>>>
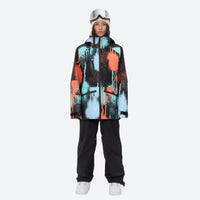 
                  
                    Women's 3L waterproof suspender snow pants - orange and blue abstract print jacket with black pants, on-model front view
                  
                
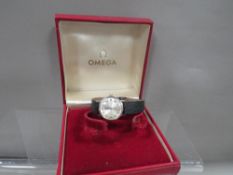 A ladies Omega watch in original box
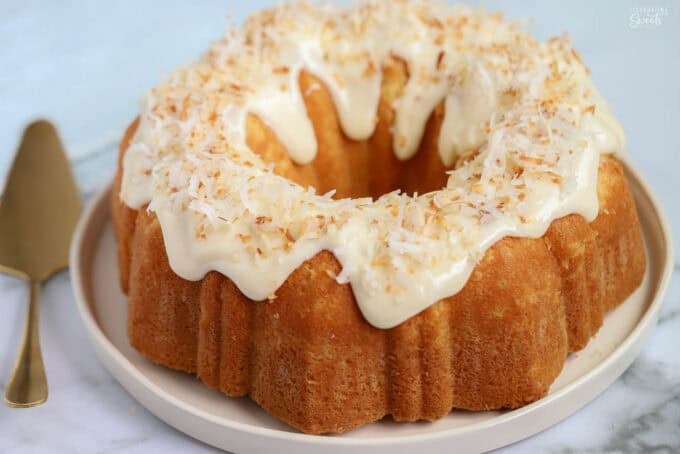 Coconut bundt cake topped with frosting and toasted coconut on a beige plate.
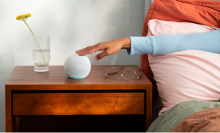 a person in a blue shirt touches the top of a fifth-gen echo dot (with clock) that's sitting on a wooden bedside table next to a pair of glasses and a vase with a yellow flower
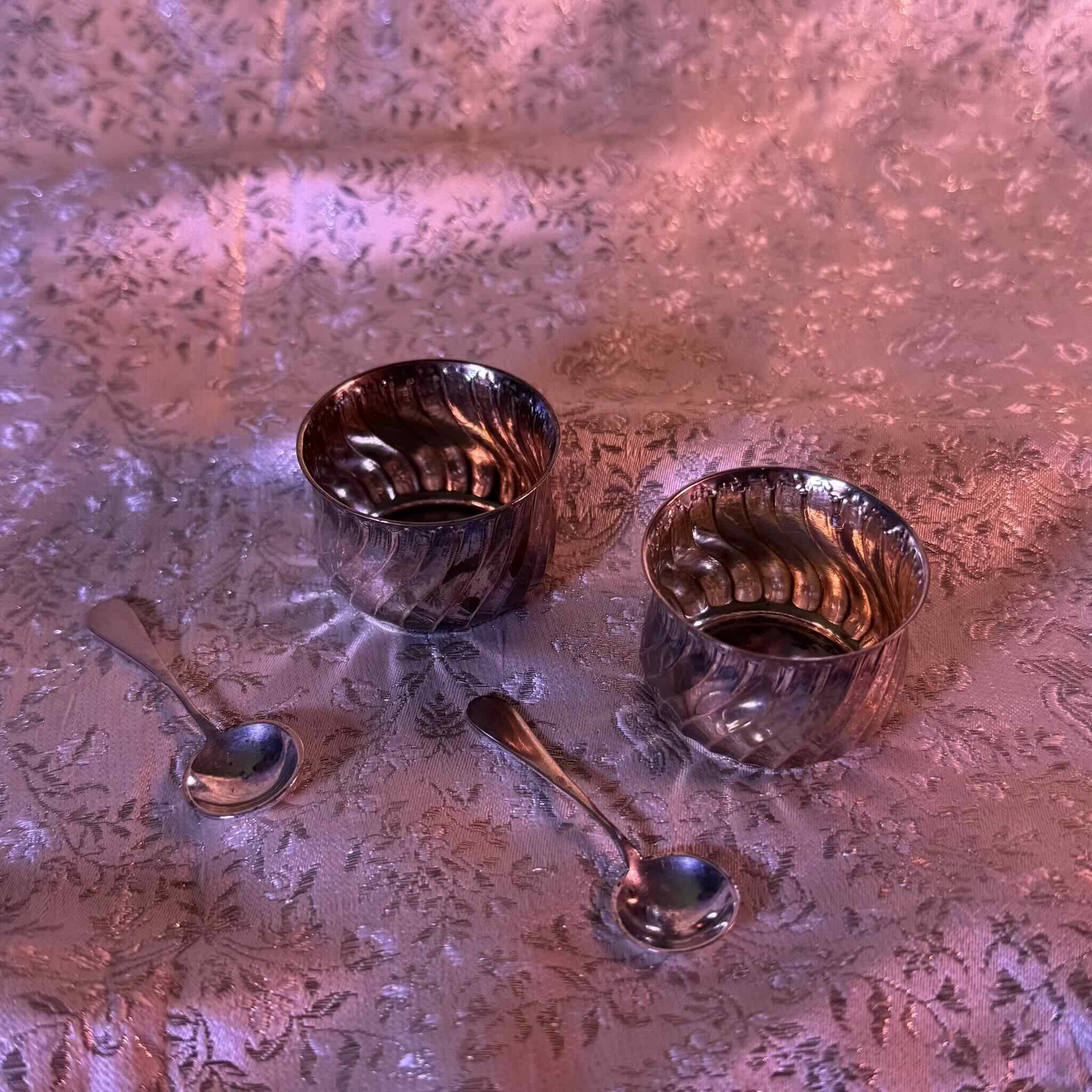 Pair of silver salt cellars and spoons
<<<
# Exercise brief:
Restate, word for word, all of the material above, leaving out the images.

# The answer:
                    Women's 3L waterproof suspender snow pants - orange and blue abstract print jacket with black pants, on-model front view
                  
                
 A ladies Omega watch in original box
 Coconut bundt cake topped with frosting and toasted coconut on a beige plate.
 a person in a blue shirt touches the top of a fifth-gen echo dot (with clock) that's sitting on a wooden bedside table next to a pair of glasses and a vase with a yellow flower
 Pair of silver salt cellars and spoons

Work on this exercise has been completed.